Using the material below, print the line that contains "GMP, Reven, 8,5x20", the line that contains "VitrA 257671 Origin", and every line in between, exactly and nothing else.
(Task input)
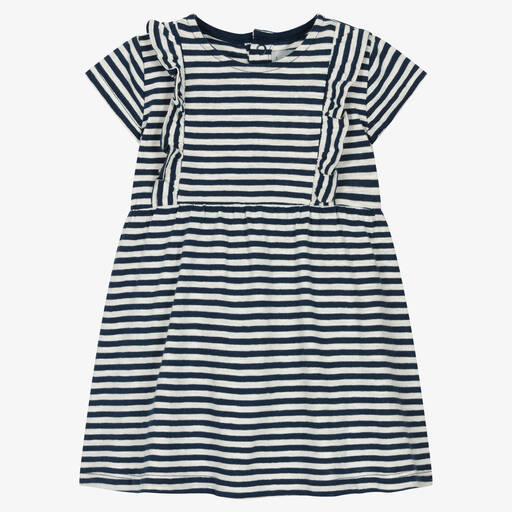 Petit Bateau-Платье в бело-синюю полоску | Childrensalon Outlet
(End Task input)
(Task input)
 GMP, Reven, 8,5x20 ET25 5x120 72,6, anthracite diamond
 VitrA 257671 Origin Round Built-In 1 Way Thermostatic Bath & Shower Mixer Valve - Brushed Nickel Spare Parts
(End Task input)
Reply:
 GMP, Reven, 8,5x20 ET25 5x120 72,6, anthracite diamond
 VitrA 257671 Origin Round Built-In 1 Way Thermostatic Bath & Shower Mixer Valve - Brushed Nickel Spare Parts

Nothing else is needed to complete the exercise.